I have not yet given a description of our sky at night, so I can do that now. Oh, I can gaze up at it at night for hours. Then I can fancy myself back on Earth for a moment. I see all the familiar constellations and stars. Look, there is the Eagle, there is Antares. And all my other old friends.  How I wish I had never set out for this dry, barren land. Tonight the Earth was not in the sky, I have not seen it for a long time, it must be in conjunction with the sun now. I cannot see it now in the daytime either, whereas as long as it is not too close to the sun, the Earth is visible to the naked eye during the day against the deep blue Martin sky. Some weeks ago I saw it last, as an evening star; since then it has been lost in the twilight. What feelings I had as I watched it through my telescope! As I saw first of all Eastern Europe, then Western Europe appearing on its crescent. As I saw it rotating on its axis in 23 hours and 20 minutes, turned a little farther every night! As I watched the fine crescent of the moon ( the real moon, I mean) travelling round it at night! A feeling of melancholy, of infinite longing, then possessed me. How I should like to go back there again! Back to the place where I belong, to which I am linked by a hundred bonds. Back to Mother Earth. But now she is not there. I hope to see her again soon, when, as a morning star she escapes from the dawn…
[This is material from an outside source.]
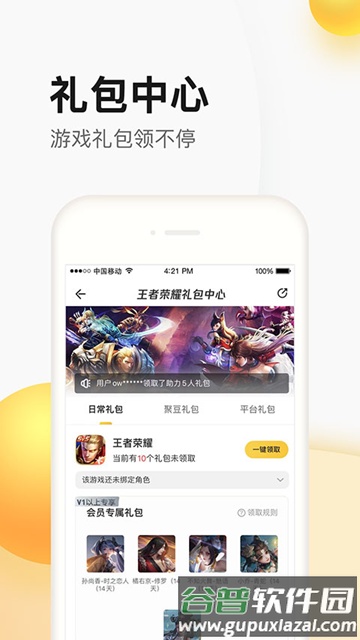 cf道聚城截图4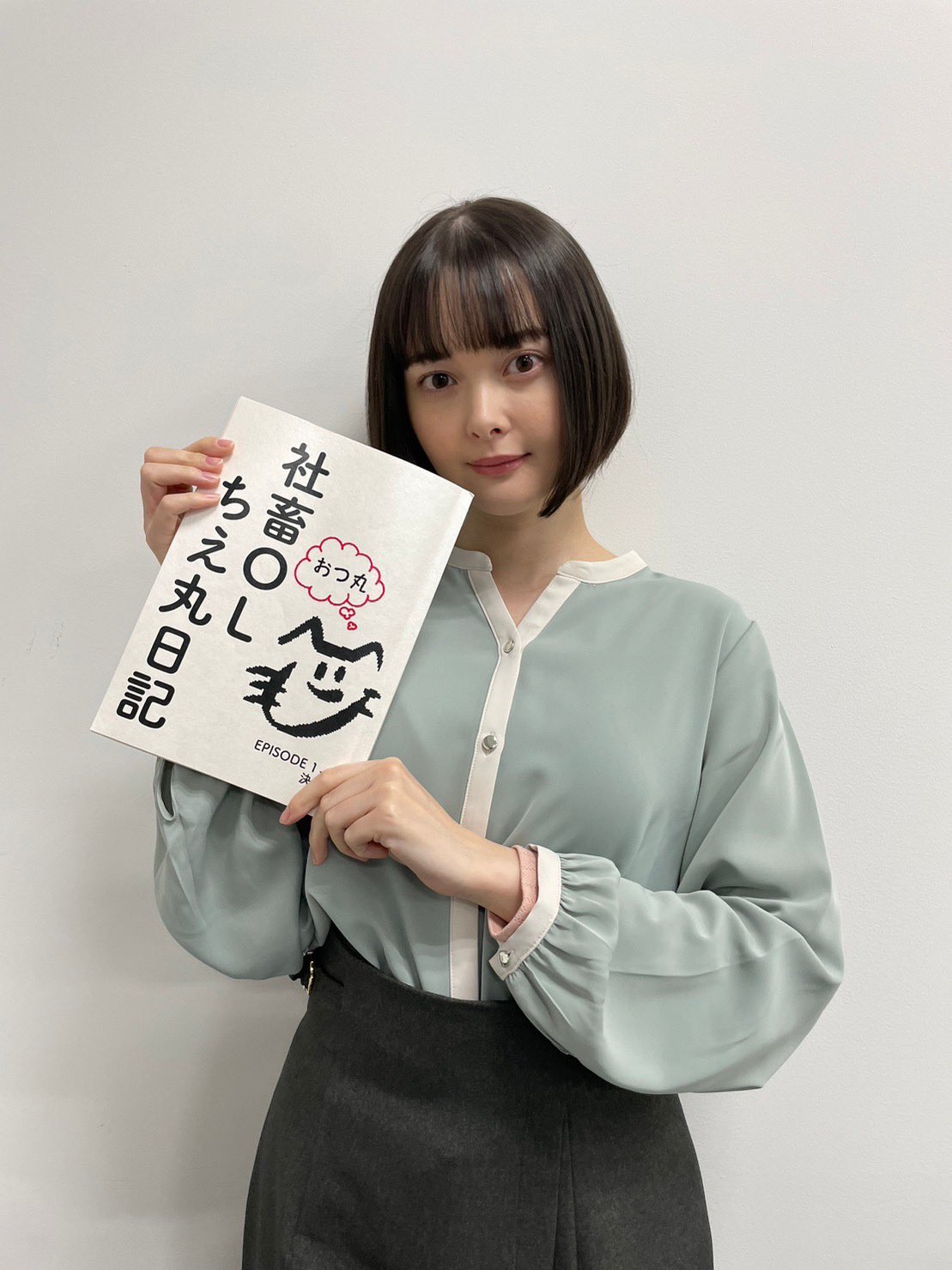 玉城ティナは人気の女優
October 44.  The sun is rising. A beautiful dawn, the same as on Earth. It certainly is perishing cold. The thermometer registers 22 F below zero. But yet the hoar-frost at once evaporates in this dry air from the ground and from the plants. The sun ascends into the sky. It is getting perceptibly warmer. The solar disk is certainly much smaller here than on Earth, not much more than 20 minutes of arc, but I am in the tropics, it is not very long since the equinox, and the sun rises almost straight up into the sky…
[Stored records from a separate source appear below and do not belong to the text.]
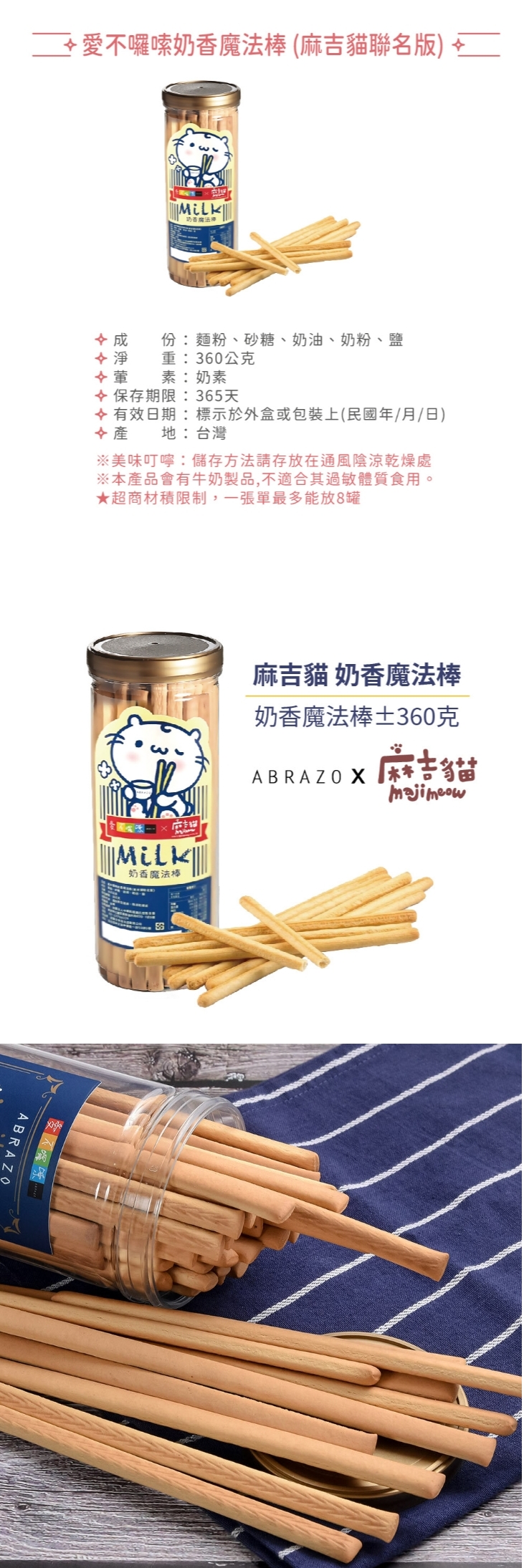 【人氣熱銷】 奶香魔法棒 ( 口感酥脆奶香濃郁 )，產品介紹❤訂購專線：03-3286601
❤營業時間：每周一~周五 08:30-17:30　（每周六日公休）
❤電子信箱：abrazo.shop5@gmail.com
❤門市地址：桃園市龜山區復興街5號(林口兒童長庚K棟一樓)
❤LINE@客服： @578dvqtb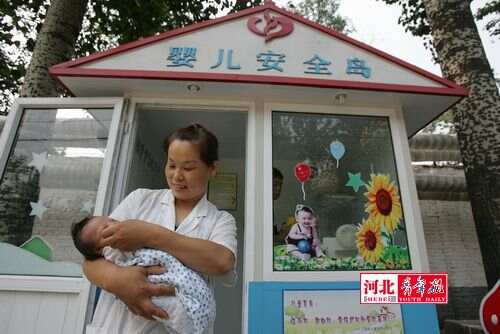 棄嬰島特色小店,揭秘2017最新動態(tài)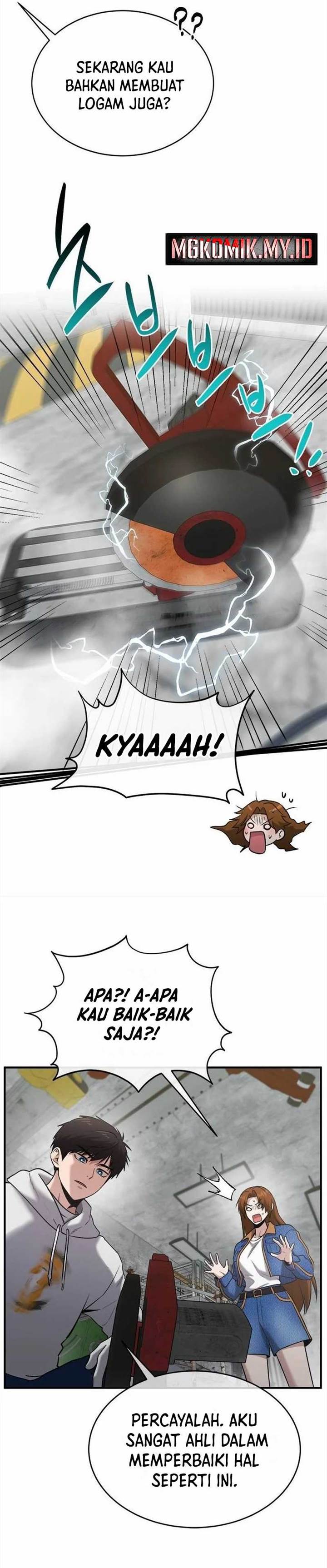 Panel 17
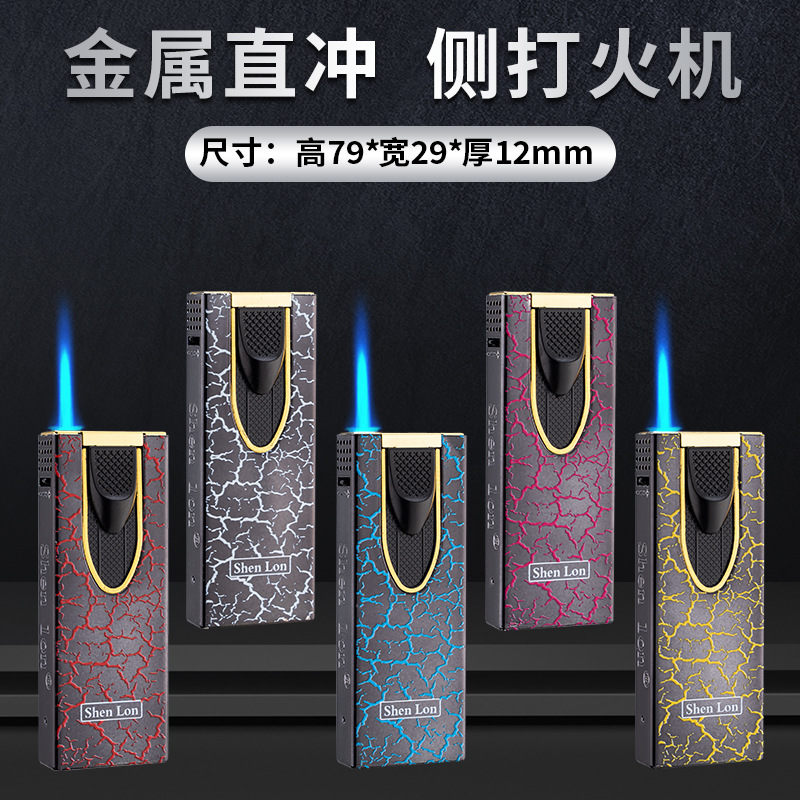 Gas lighter with blue flame, metal gift for boyfriend, girlfriend, or father, creative leather-textured windproof inflatable lighter
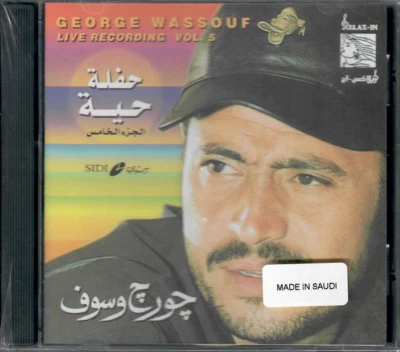 George Wassouf:Khalik Hena, Arou7 Limeen, Kalam el Nas, 7elef el Qamar Arabic CD - Image 1 of 2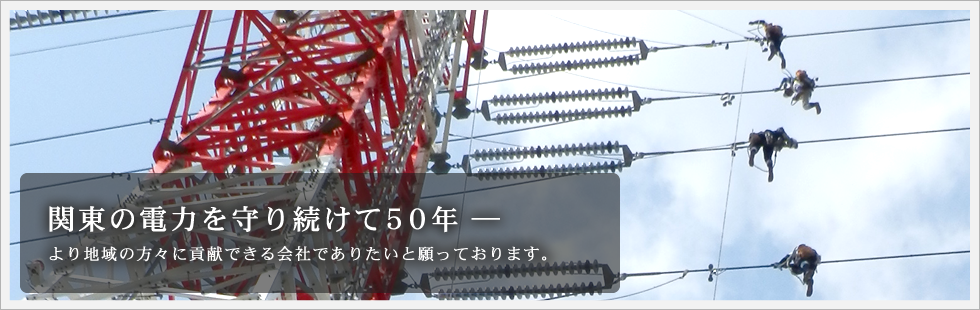 関東の電力を守り続けて50年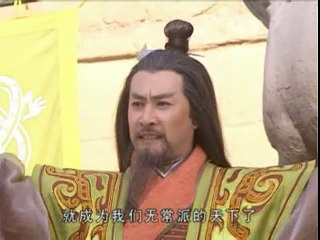 [BXHT]Chung Vô Diệm - Tập 04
I walk up a little hill rising from the wide plain. It is still a peculiar sensation, even after years, to dance lightly up a slope, owing to the low gravitation here. Up here I have a fine view. The plain below, with its cactus-like plants stretches away to the horizon. Everything in it has the same almost uniform greyish-greenish blue colour. It is now the best time of year for the plants: the short while that they can flourish. Little as it is, there is at least some moisture in the air. The large polar cap at the South Pole, where the vapour in the atmosphere condenses as a thin film of hoar-frost, is now, more than a month after the equinox, evaporating quickly as a result of the rise in temperature. The whole atmosphere of the planet is getting moister.
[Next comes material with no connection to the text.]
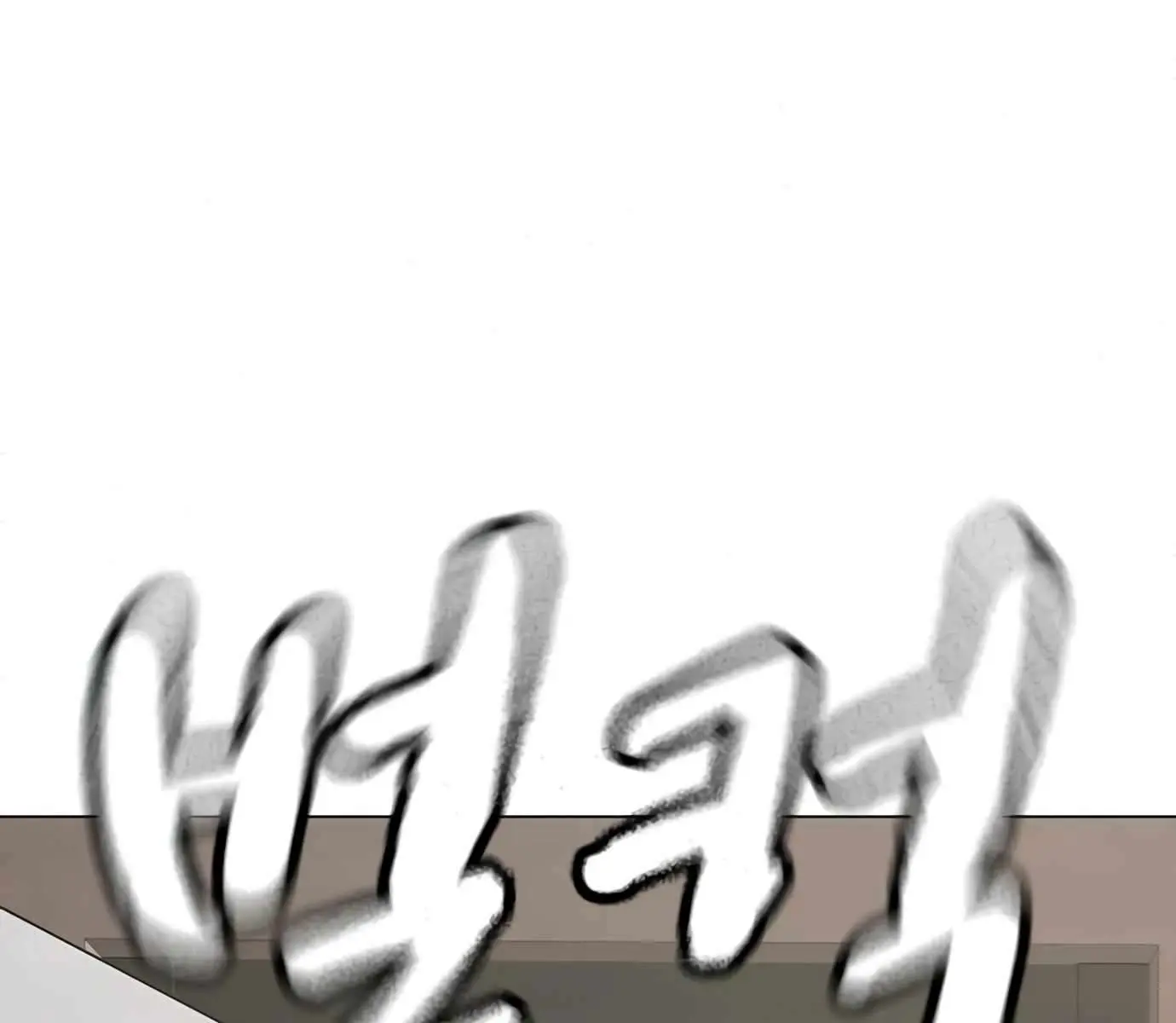 Reality Quest Chapter 90 Page 140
But that will not last long. The South Pole is approaching a perihelion summer. Very soon the greater part of the vast polar cap will have evaporated---less and lesser water vapour will be absorbed by the atmosphere, while the North Pole cap is already growing at the approach of winter and the liberated  water vapour is already beginning to be fixed there. Our plants will now, as at every perihelion, have a particularly difficult battle to fight: towards the end of January, a month after the summer solstice of the Southern hemisphere, the South cap will have disappeared entirely, then the atmosphere will be drier than dry, and the sun’s almost perpendicular rays will pour there scorching heat on our poor, withering plants in the afternoons. And soon they will have shrivelled up this whole plain and given it a withered, purplish-red look. Only in the middle of the plain, where it dips down and where the plants are rather more sheltered, will they be able to keep fresh a little longer. But the plants themselves do not die. A better time comes for them towards April. But in February everything looks dead. Then the wind blows the yellow-brown desert sand about. It is then wild and desolate here.